The Center on Budget and Policy Priorties has released a very helpful state-by-state analysis of income inequality in the United States. Here is the national picture:

Of course this trend predates the recession, a reflection of the stagnant 'aughts and even further backward in time, as written in the CBPP details (emphasis mine):

The long-standing trend of growing income inequality continued between the late 1990s and the mid-2000s.[1]

    • On average, incomes fell by close to 6 percent among the bottom fifth of households between the late 1990s and the mid-2000s, while rising by 8.6 percent among the top fifth. Incomes grew even faster — 14 percent — among the top 5 percent of households.
    • In 45 states and the District of Columbia, average incomes grew more quickly among the top fifth of households than among the bottom fifth between the late 1990s and the mid-2000s. In no state did the bottom fifth grow significantly faster than the top fifth.

     

Similarly, households in the middle of the income distribution fell further behind upper-income households in most states between the late 1990s and the mid-2000s.

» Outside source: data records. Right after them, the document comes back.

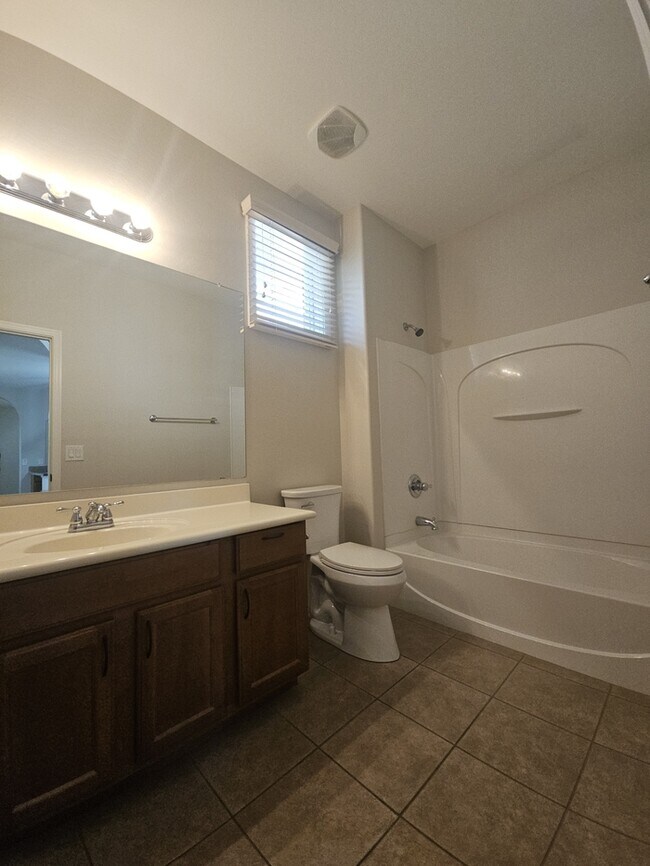 Building Photo - MOVE-IN READY HOME IN COOLEY STATION!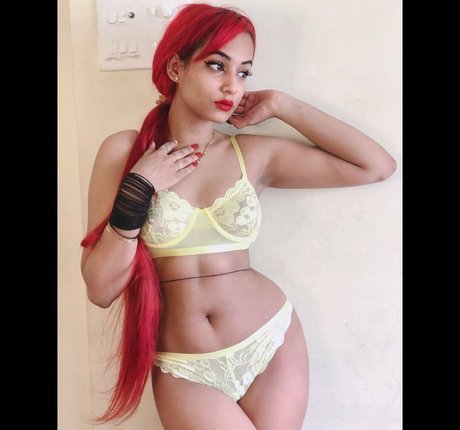 Naakte gelekte OnlyFans-foto van Dilnoor Aka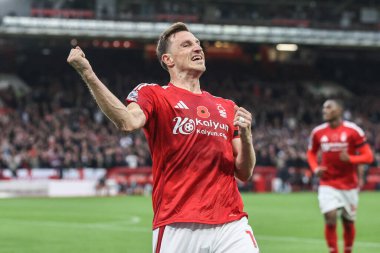 Nottingham Ormanı 'ndan Chris Wood, İngiltere' nin Nottingham şehrinde 2 Kasım 2024 'te oynanan Premier League maçı Nottingham Forest-West Ham United maçında 1-0' lık galibiyetini kutluyor.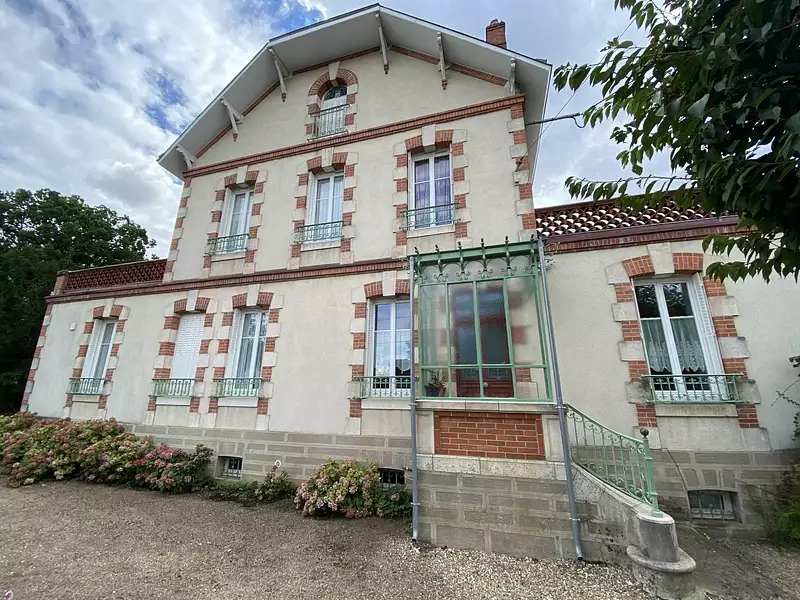 Maison, 256 m²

    • On average, incomes grew by just 1.2 percent among the middle fifth of households between the late 1990s and the mid-2000s, well below the 8.6 percent gain among the top fifth. Income disparities between the top and middle fifths increased significantly in 36 states and declined significantly in only one state (New Hampshire).

     

An examination of income trends over a longer period — from the late 1970s to the mid-2000s — shows that inequality increased across the country.

    • In every state plus the District of Columbia, incomes grew faster among the top fifth of households than the bottom fifth. Nationally, the richest fifth of households enjoyed larger average income gains in dollar terms each year ($2,550, after adjusting for inflation) than the poorest fifth experienced during the entire three decades($1,330).
    • Middle-income households also lost ground compared to those at the top. In all 50 states plus the District of Columbia, the income gap between the average middle-income household and the average household in the richest fifth widened significantly over this period.

     

This isn't actually news to me but I've found that those who, in polite company, are sometimes referred to as “disengaged” tend to be more interested in how these macro-trends look closer to home. I was born and raised in the state of Indiana, so I'll include CBPP's infographic on that state:

The Hoosier state is sort of middle-of-the-road in this respect, but it is still striking to note that the average income for households in the poorest fifth dropped by over 23 percent — including almost seven percent since 1970 and the only group to have a net-reduction in income in the state over that time period.

It should go without saying that these trends have implications for public policy. Especially in light of the recently released (PDF) supplemental measure of poverty that shows public policy having a big impact in this area. Via CBPP again:

That SNAP continues to be one of the most effective measures in combating poverty should provide a moment of reflection for those who eager to see the program slashed. I do not share the opinion — popular amongst the groundswell on the right — that views so many Americans receiving nutritional assistance as a cause for moral concern. The average time that an individual utilizes the program is only nine months. It seems fairly simple to me that the program responds to need, and in times of greater need participation increases (PDF):

Instead, perhaps, consider directing your moral indigination at the idea that the program is still effective in spite of the average monthly household benefit only being $287.00. For the state of Indiana that average monthly benefit per person is only $131.66. These are not apocalyptic numbers that predict a imminent downfall of the nation's moral nature or the character of it's citizens. Rather, they reflect the reality of thirty years of increasing inequality, a decade of stagnant income, and a global economic collapse.